What are surrogate characters in UTF-8? - utf-8

I have a strange validation program that validates wheather a utf-8 string is a valid host name(Zend Framework Hostname valdiator in PHP). It allows IDNs(internationalized domain names). It will compare each subdomain with sets of characters defined by their HEX bytes representation. Two such sets are D800-DB7F and DC00-DFFF. Php regexp comparing function called preg_match fails during these comparsions and it says that DC00-DFFF characters are not allowed in this function. From wikipedia I learned these bytes are called surrogate characters in UTF-8. What are thay and which characters they actually correspond to? I read in several places I still don't understand what they are.
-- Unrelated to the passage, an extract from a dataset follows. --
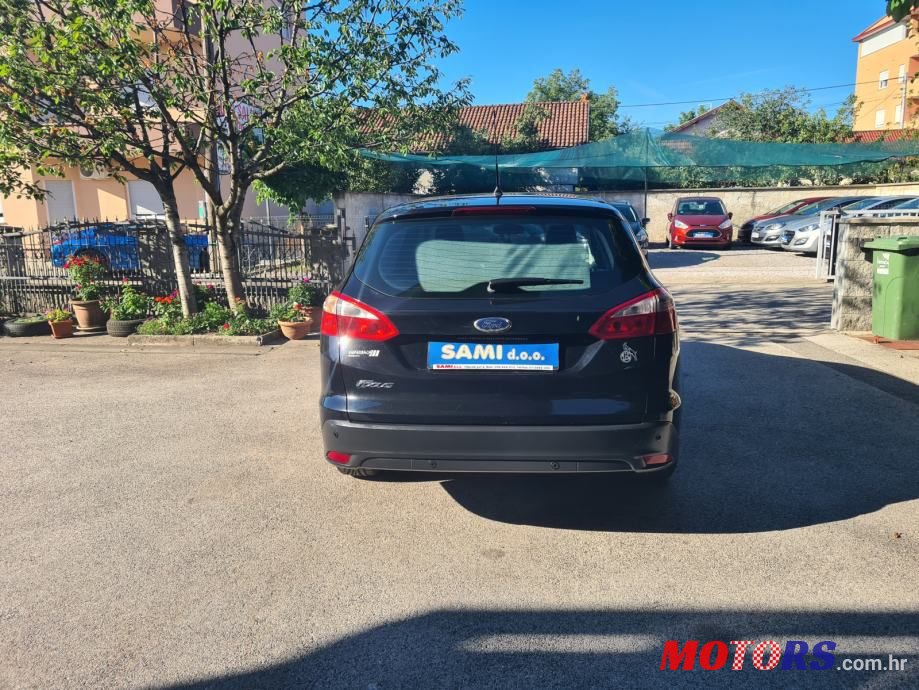 2014' Ford Focus Karavan photo #5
What are surrogate characters in UTF-8?
This is almost like a trick question.
Approximate answer #1: 4 bytes (if paired and encoded in UTF-8).
Approximate answer #2: Invalid (if not paired).
Approximate answer #3: It's not UTF-8; It's Modified UTF-8.
Synopsis: The term doesn't apply to UTF-8.
Unicode codepoints have a range that needs 21 bits of data.
UTF-16 code units are 16 bits. UTF-16 encodes some ranges of Unicode codepoints as one code unit and others as pairs of two code units, the first from a "high" range, the second from a "low" range. Unicode reserves the codepoints that match the ranges of the high and low pairs as invalid. They are sometimes called surrogates but they are not characters. They don't mean anything by themselves.
UTF-8 code units are 8 bits. UTF-8 encodes several distinct ranges of codepoints in one to four code units, respectively.
#1 It happens that the codepoints that UTF-16 encodes with two 16-bit code units, UTF-8 encodes with 4 8-bit code units, and vice versa.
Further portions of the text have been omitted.